The Performing Rights Society of Iceland is a non-profit collective rights management society that administers Icelandic copyright for music creators and publishers whose music is performed in public.

STEF membership

Persons eligible for STEF membership are those who are registered members of STEF's two member organisations: the Icelandic Songwriters' Association-ISA (FTT) and Society of Icelandic Composers (TÍ). Persons who are not members of either of these organisations may also become members of STEF if they authorise STEF to act as their representative. Non-affiliated members (those who are not members of these two organisations) are entitled to select one Board member and two members of the STEF Representative Council, which wields the ultimate authority within STEF, according to its Articles of Association. 

According to special certification from the Ministry of Education, Science, and Culture, STEF is authorised to collect royalties for performance of music and associated texts that are protected by the Copyright Act, irrespective of whether or not the association has been authorised to act as the music creator's representative. This also means that STEF is obliged to allocate the collected royalties to rights holders. STEF disburses royalties to over 1,000 rights holders each year.

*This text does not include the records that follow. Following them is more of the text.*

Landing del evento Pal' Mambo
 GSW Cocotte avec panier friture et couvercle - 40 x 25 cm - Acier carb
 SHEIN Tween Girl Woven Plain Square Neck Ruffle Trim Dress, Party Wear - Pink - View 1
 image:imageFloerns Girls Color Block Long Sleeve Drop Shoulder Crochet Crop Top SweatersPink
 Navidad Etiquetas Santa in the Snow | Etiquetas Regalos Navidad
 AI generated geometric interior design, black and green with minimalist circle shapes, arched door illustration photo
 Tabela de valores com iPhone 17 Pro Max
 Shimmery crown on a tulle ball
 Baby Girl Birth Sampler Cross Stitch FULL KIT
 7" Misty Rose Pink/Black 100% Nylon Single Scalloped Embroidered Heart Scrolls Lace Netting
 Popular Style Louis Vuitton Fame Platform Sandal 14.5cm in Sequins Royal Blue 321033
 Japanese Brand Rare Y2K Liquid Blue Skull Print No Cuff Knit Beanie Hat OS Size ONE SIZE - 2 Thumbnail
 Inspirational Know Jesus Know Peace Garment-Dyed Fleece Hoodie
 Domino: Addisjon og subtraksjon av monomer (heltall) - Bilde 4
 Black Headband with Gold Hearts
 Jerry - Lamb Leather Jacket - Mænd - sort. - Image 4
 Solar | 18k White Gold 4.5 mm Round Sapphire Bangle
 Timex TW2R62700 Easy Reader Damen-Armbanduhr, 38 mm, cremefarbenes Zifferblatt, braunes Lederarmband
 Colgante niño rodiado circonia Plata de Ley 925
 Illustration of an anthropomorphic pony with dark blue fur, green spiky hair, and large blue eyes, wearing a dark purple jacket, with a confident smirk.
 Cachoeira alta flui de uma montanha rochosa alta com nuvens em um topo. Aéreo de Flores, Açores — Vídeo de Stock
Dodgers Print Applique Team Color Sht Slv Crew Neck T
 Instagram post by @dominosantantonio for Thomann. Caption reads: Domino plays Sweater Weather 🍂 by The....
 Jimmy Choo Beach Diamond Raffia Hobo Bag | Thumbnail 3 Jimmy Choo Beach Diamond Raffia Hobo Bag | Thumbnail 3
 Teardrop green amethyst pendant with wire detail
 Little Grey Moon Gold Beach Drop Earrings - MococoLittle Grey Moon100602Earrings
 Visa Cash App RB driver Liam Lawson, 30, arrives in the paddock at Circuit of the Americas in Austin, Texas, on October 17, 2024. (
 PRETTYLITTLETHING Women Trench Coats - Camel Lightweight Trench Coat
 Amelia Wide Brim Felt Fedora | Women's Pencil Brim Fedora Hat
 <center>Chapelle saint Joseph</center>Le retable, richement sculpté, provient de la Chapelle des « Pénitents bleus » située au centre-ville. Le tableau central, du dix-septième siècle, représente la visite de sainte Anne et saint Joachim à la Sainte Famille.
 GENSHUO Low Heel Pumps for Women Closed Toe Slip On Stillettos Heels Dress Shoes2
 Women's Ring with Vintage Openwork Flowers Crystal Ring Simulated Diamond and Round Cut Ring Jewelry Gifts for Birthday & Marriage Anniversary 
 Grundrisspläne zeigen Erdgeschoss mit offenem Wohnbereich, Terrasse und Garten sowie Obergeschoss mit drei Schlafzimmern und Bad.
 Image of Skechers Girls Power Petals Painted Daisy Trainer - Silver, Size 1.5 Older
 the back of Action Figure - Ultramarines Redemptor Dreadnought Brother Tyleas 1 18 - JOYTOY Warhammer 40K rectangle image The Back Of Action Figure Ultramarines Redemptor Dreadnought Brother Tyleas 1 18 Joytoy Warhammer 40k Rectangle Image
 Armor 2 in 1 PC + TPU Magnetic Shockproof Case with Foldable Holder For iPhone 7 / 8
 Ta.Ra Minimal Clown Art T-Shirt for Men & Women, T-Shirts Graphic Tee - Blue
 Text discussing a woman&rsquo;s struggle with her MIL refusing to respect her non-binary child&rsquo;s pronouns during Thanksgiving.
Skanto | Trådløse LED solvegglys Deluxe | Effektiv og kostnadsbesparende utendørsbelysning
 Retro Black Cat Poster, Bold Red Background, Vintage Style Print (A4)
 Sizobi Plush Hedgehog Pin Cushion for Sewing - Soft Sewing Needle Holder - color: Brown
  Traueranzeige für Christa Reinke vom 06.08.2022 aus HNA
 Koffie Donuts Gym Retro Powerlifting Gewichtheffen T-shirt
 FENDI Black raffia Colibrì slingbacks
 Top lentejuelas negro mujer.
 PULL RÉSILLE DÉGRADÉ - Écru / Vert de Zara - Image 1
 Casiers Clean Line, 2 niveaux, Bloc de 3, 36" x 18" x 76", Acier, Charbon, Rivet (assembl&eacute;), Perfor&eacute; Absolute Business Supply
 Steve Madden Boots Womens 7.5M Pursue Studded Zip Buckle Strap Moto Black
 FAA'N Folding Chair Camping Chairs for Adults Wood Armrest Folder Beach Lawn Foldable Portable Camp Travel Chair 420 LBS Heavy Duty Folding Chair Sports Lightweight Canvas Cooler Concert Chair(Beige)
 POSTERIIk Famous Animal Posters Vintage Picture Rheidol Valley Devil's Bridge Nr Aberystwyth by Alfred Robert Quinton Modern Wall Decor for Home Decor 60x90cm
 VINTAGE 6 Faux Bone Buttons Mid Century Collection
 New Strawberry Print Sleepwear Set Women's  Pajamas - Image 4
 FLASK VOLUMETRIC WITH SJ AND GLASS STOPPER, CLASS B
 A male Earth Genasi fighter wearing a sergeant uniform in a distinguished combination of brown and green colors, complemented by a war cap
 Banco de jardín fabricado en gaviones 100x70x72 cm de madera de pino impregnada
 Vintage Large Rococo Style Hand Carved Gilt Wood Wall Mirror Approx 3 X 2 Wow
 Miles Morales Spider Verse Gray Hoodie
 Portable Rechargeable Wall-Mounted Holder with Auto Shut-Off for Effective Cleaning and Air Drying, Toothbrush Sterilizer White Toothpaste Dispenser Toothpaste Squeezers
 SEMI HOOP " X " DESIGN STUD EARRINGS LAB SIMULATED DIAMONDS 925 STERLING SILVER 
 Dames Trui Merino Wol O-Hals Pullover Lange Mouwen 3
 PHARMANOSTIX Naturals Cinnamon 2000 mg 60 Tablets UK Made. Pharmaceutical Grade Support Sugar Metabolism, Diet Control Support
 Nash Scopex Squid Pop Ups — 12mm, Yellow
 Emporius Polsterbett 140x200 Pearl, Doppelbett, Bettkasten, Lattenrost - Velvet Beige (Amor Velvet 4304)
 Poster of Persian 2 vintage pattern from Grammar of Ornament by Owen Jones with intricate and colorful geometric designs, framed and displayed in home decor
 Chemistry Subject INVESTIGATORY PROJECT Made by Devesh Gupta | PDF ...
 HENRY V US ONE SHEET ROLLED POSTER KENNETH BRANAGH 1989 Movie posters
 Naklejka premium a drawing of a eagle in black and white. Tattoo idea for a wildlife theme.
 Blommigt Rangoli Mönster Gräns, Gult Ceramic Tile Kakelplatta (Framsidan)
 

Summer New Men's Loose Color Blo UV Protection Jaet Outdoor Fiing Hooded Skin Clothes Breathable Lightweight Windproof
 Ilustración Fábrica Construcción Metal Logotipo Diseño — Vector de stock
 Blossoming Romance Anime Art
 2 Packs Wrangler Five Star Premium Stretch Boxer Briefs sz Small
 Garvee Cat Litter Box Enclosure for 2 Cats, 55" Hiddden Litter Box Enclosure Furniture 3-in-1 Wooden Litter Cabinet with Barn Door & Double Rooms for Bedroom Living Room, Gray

STEF's tasks focus on three principal areas:

First, STEF attempts to protect and reinforce intellectual property rights in the field of music. In this area, STEF formulates policy by which its members are bound.

Second, STEF collects royalties for public performance of musical compositions. STEF has concluded contractual agreements with most entities that perform music, such as radio stations, television stations, theatres, movie theatres, shops, hair saloons etc. STEF collects fees from other parties according to its standard tariff. This is a prominent aspect of the association's activities. Several hundred parties pay royalties to STEF.

STEF's third main function is to allocate the collected royalties to the appropriate rights holders after deducting the association's operating expenses. Allocation is made according to information on what works have been performed – for example, on the radio – and an attempt is made to have this information as accurate as possible without incurring immoderate expense in gathering information, so that rights holders ultimately receive the maximum possible royalty allocation.